DeepEnsembleSolverInterface#

class DeepEnsembleSolverInterface(problem, models, optimizers=None, schedulers=None, weighting=None, use_lt=True, ensemble_dim=0)[source]#

Bases: MultiSolverInterface

A class for handling ensemble models in a multi-solver training framework. It allows for manual optimization, as well as the ability to train, validate, and test multiple models as part of an ensemble. The ensemble dimension can be customized to control how outputs are stacked.

By default, it is compatible with problems defined by AbstractProblem, and users can choose the problem type the solver is meant to address.

An ensemble model is constructed by combining multiple models that solve the same type of problem. Mathematically, this creates an implicit distribution \(p(\mathbf{u} \mid \mathbf{s})\) over the possible outputs \(\mathbf{u}\), given the original input \(\mathbf{s}\). The models \(\mathcal{M}_{i\in (1,\dots,r)}\) in the ensemble work collaboratively to capture different aspects of the data or task, with each model contributing a distinct prediction \(\mathbf{y}_{i}=\mathcal{M}_i(\mathbf{u} \mid \mathbf{s})\). By aggregating these predictions, the ensemble model can achieve greater robustness and accuracy compared to individual models, leveraging the diversity of the models to reduce overfitting and improve generalization. Furthemore, statistical metrics can be computed, e.g. the ensemble mean and variance:

\[\mathbf{\mu} = \frac{1}{N}\sum_{i=1}^r \mathbf{y}_{i}\]
\[\mathbf{\sigma^2} = \frac{1}{N}\sum_{i=1}^r (\mathbf{y}_{i} - \mathbf{\mu})^2\]

See also

Original reference: Lakshminarayanan, B., Pritzel, A., & Blundell, C. (2017). Simple and scalable predictive uncertainty estimation using deep ensembles. Advances in neural information processing systems, 30. DOI: arXiv:1612.01474.
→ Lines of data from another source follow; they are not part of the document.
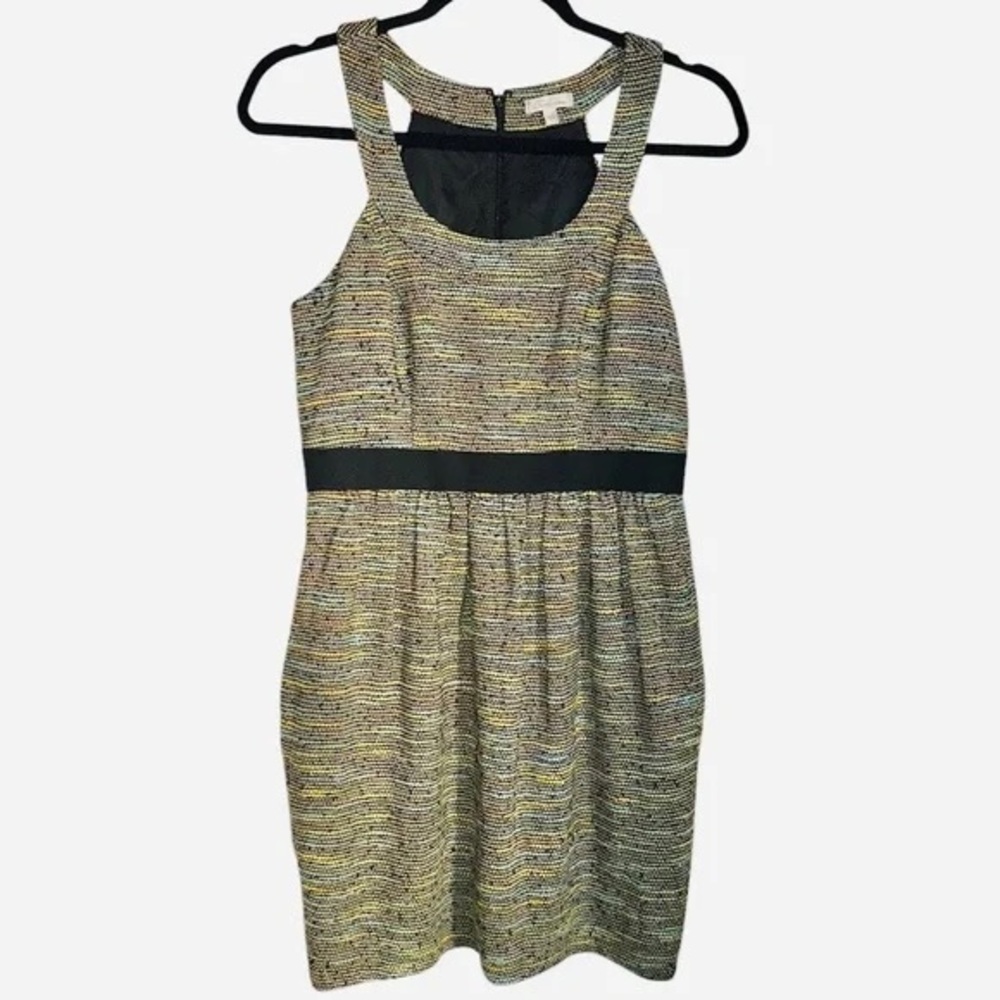 Shelby & Palmer Gold-Tone Metallic Tweed Dress with Black Waist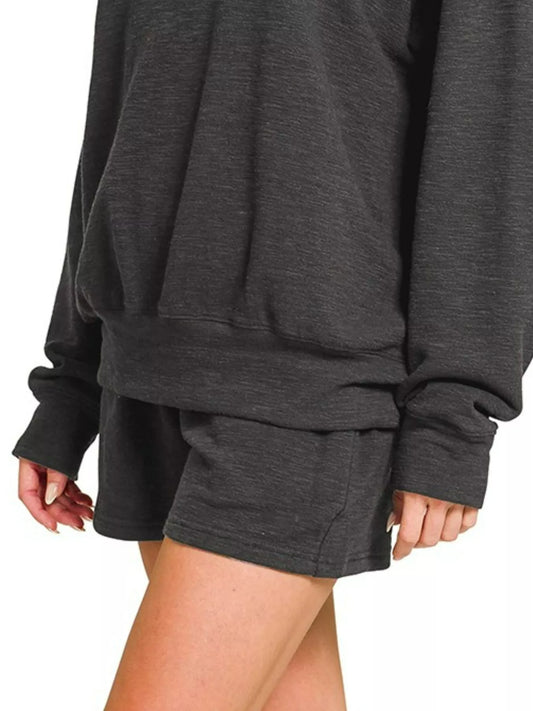Zenana Slub Long Sleeve Top and Shorts Set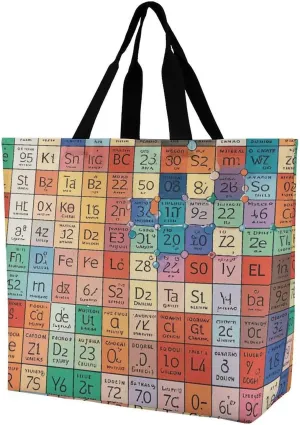 One Shoulder Shopping Bag with Handles Periodic Table of Elements Printed Storage Grocery Bag Reusable Shopping Bag for Travel Commuting Daily Use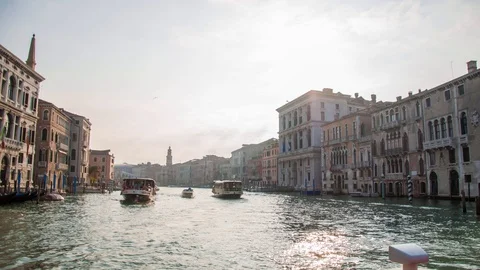 Time lapse from a boat in Venice's Grand Canal Stock Footage 129592017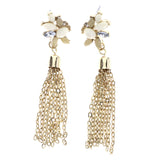 Mi Amore Drop-Dangle-Earrings Gold-Tone/White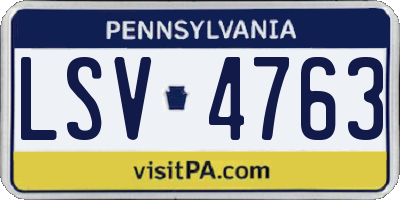 PA license plate LSV4763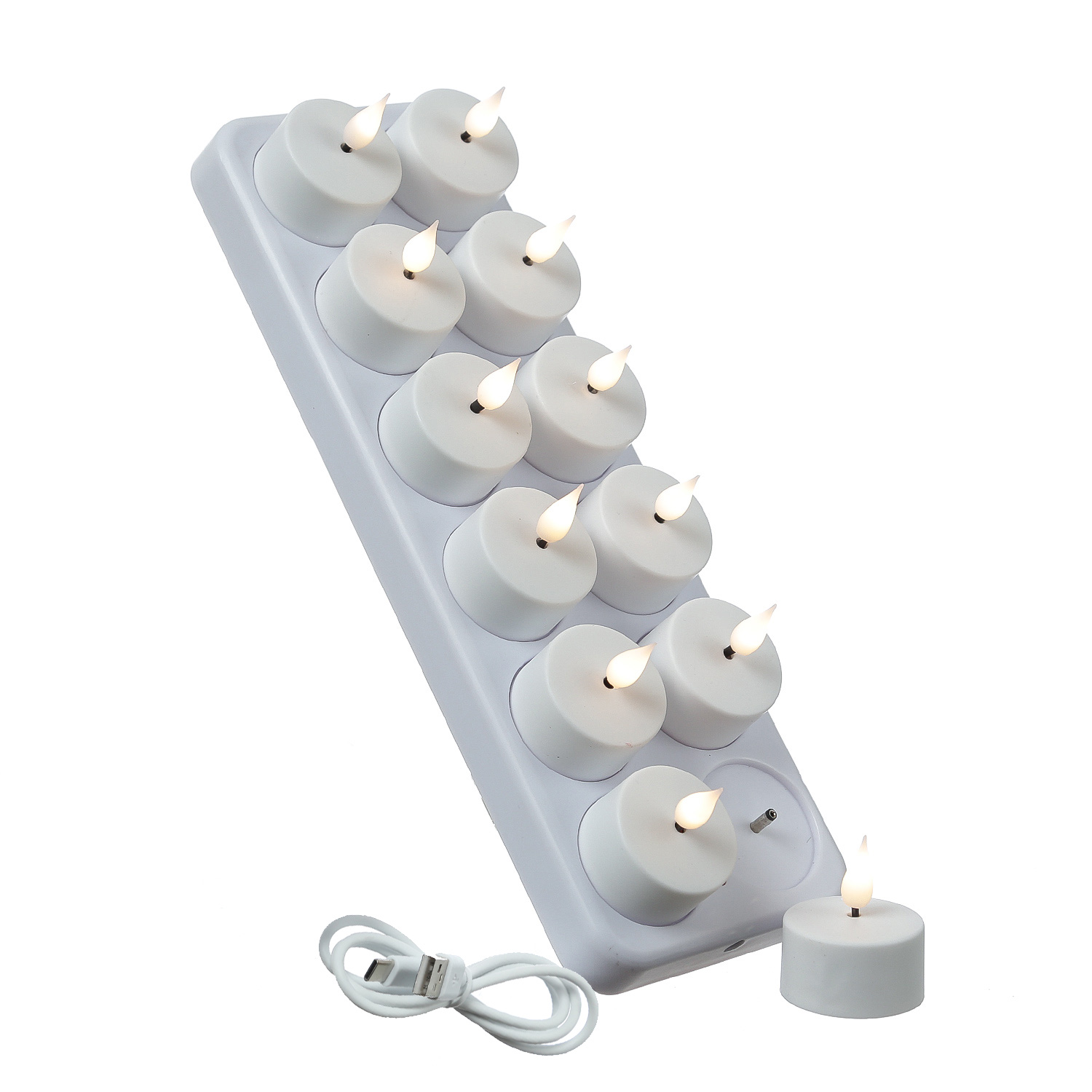 LED Teelichter - 12 wiederaufladbare LED Teelichter mit Ladestation - D: 4cm - flackernd - weiß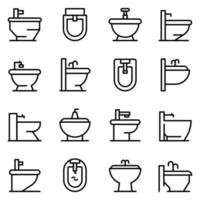 Bidet icons set, outline style vector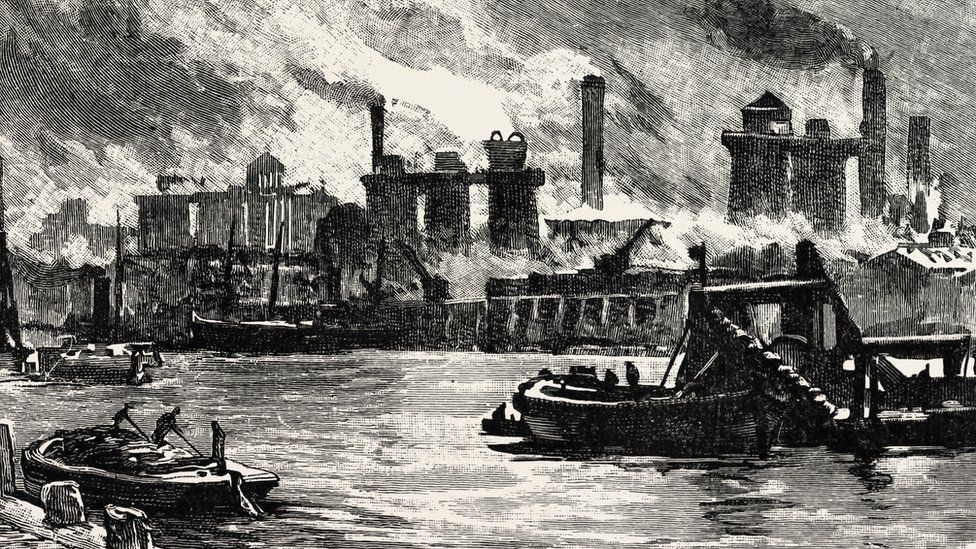 Drawing of furnaces on the banks of the Tees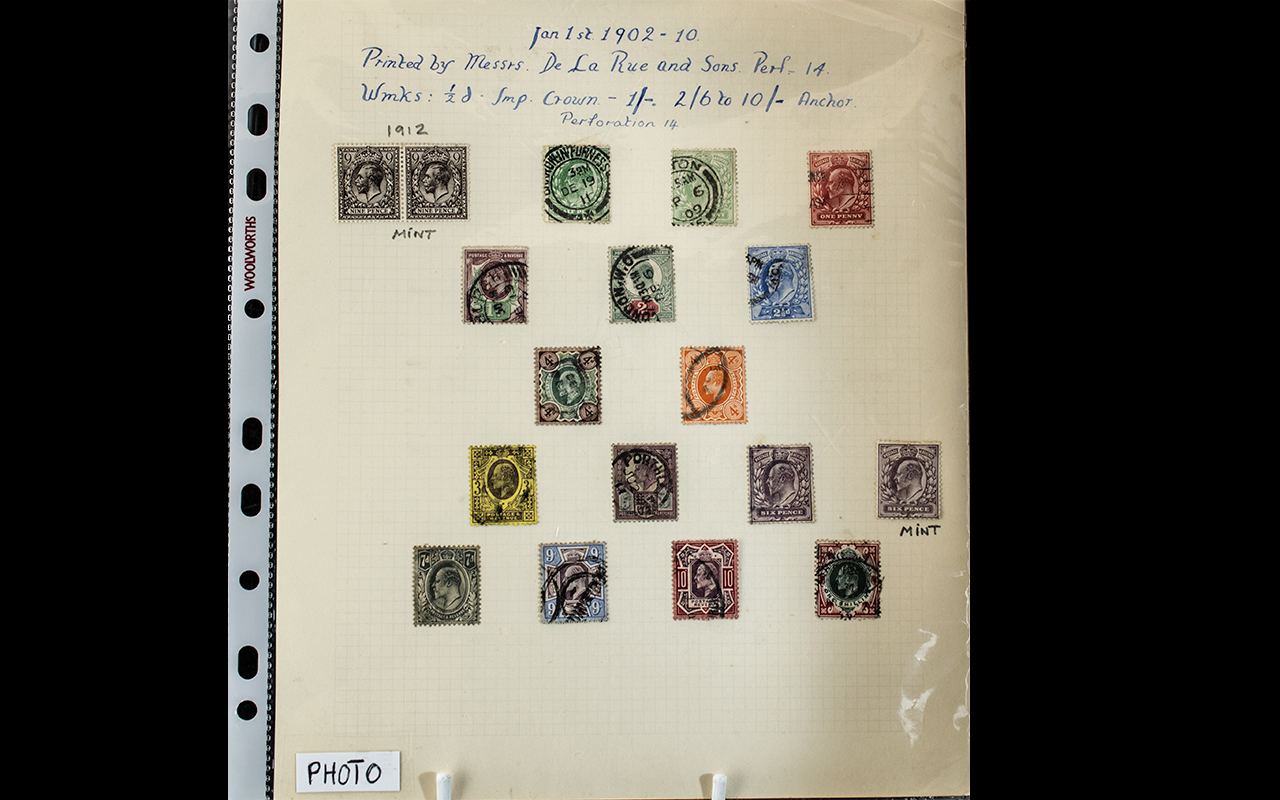 Stamps Interest GB Collection on hagner and leaves from 1840 1d black with 4 margin up to 1934 sea - Image 3 of 4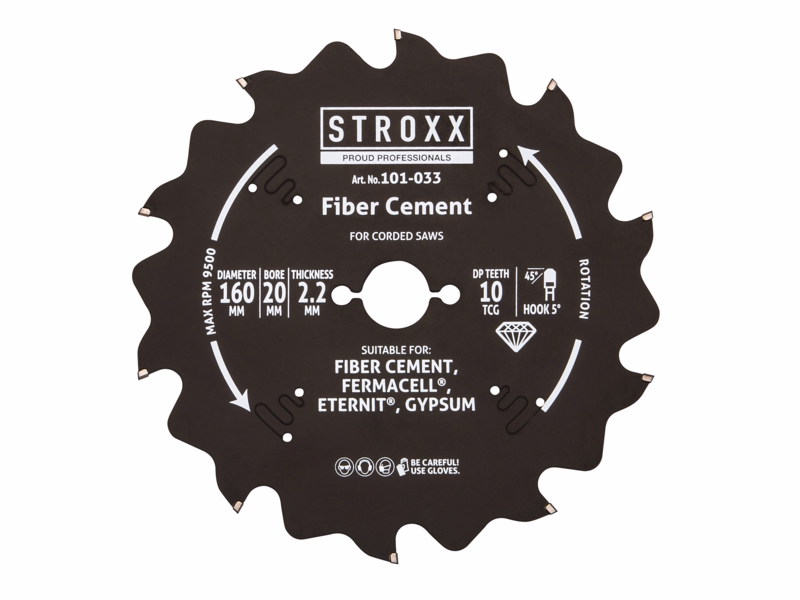 Rundsavklinge Ø160x2,2x20mm Z10 t/eternit, fibercement mm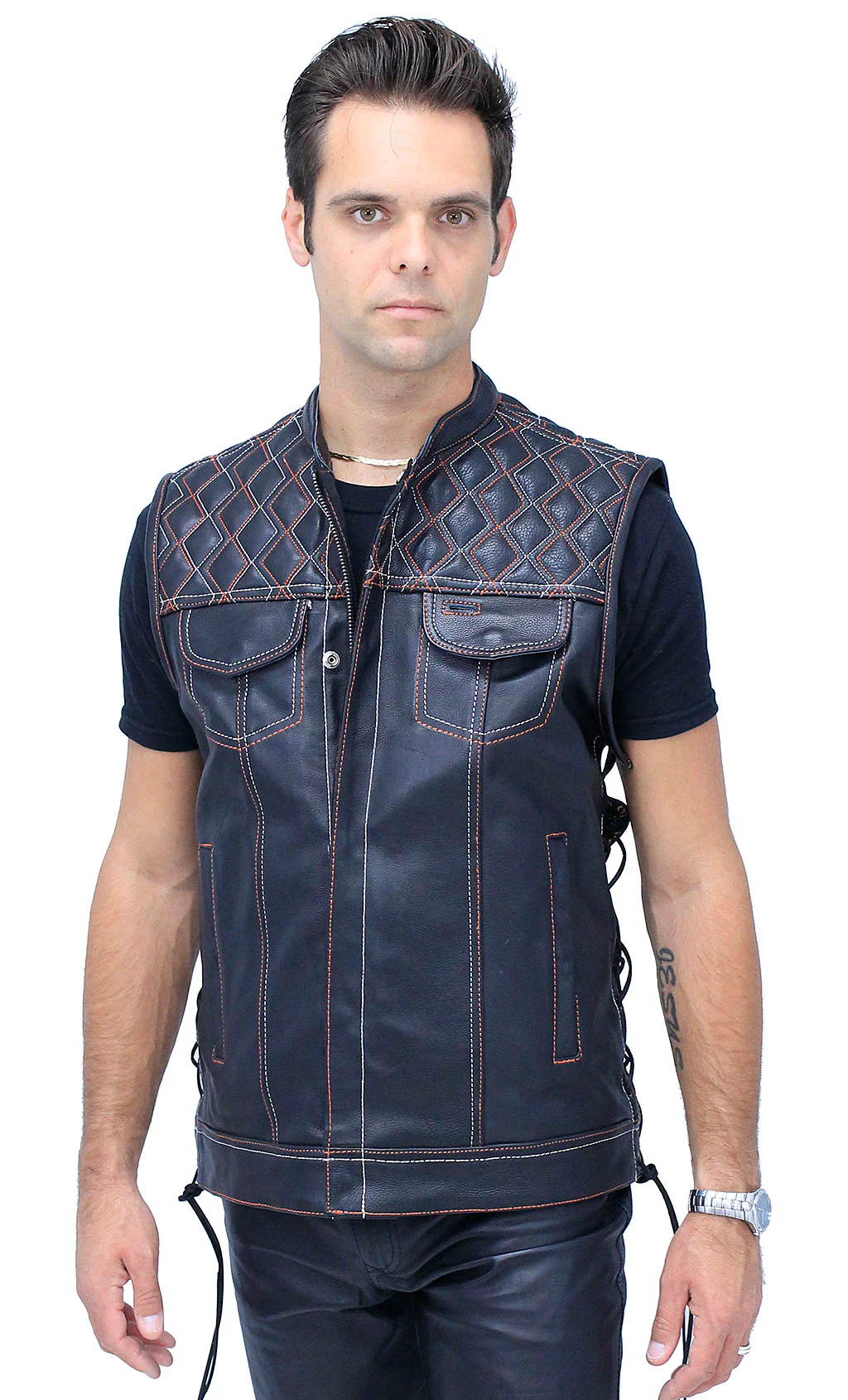 Orange/White Stitched Leather Side Lace Club Vest w/Easy Access Pocket #VM6400GLOW - Image 3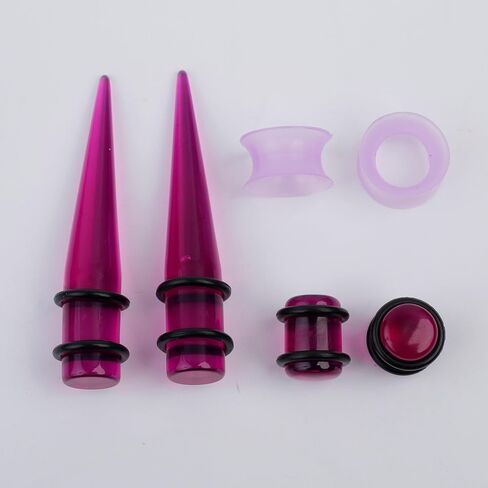 50PCS Acrylic, Silicone Ear Stretching Kit: Lightweight Tapers, Tunnels & Plugs for Starter Expanders | Body Piercing Jewelry Earring Gauges Gauging Set for Men, Women (Size: 14G-0000G, Purple) in Saudi Arabia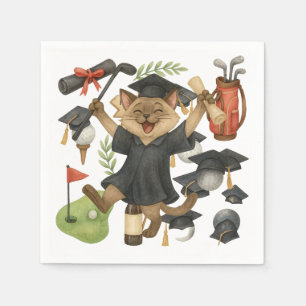 Golf Graduation themed for Cat Lover Golfer Napkins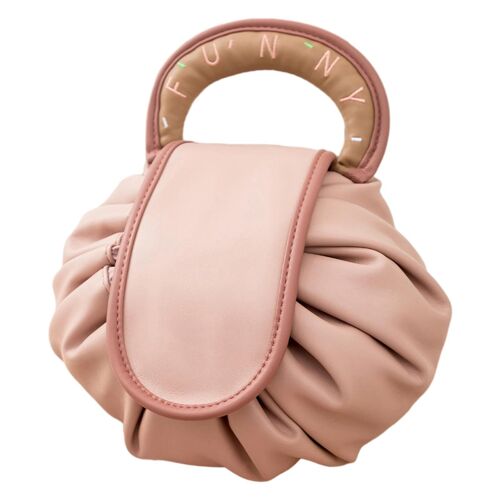 Sac de rangement cosmétique de voyage pour femmes avec cordon de serrage Portable Grand sac de capacité Cadeau pour anniversaire Noël rose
Initialization of the DeepEnsembleSolverInterface class.

Parameters:
  • problem (AbstractProblem) – The problem to be solved.

  • models (torch.nn.Module) – The neural network models to be used.

  • optimizer (Optimizer) – The optimizer to be used. If None, the torch.optim.Adam optimizer is used. Default is None.

  • scheduler (Scheduler) – Learning rate scheduler. If None, the torch.optim.lr_scheduler.ConstantLR scheduler is used. Default is None.

  • weighting (WeightingInterface) – The weighting schema to be used. If None, no weighting schema is used. Default is None.

  • use_lt (bool) – If True, the solver uses LabelTensors as input. Default is True.

  • ensemble_dim (int) – The dimension along which the ensemble outputs are stacked. Default is 0.

forward(x, ensemble_idx=None)[source]#

Forward pass through the ensemble models. If an ensemble_idx is provided, it returns the output of the specific model corresponding to that index. If no index is given, it stacks the outputs of all models along the ensemble dimension.

Parameters:
  • x (LabelTensor) – The input tensor to the models.

  • ensemble_idx (int) – Optional index to select a specific model from the ensemble. If None results for all models are stacked in ensemble_dim dimension. Default is None.

Returns:

The output of the selected model or the stacked outputs from all models.

Return type:

LabelTensor

training_step(batch)[source]#

Training step for the solver, overridden for manual optimization. This method performs a forward pass, calculates the loss, and applies manual backward propagation and optimization steps for each model in the ensemble.

Parameters:

batch (list[tuple[str, dict]]) – A batch of training data. Each element is a tuple containing a condition name and a dictionary of points.

Returns:

The aggregated loss after the training step.

Return type:

torch.Tensor

property ensemble_dim#

The dimension along which the ensemble outputs are stacked.

Returns:

The ensemble dimension.

Return type:

int

property num_ensemble#

The number of models in the ensemble.

Returns:

The number of models in the ensemble.

Return type:

int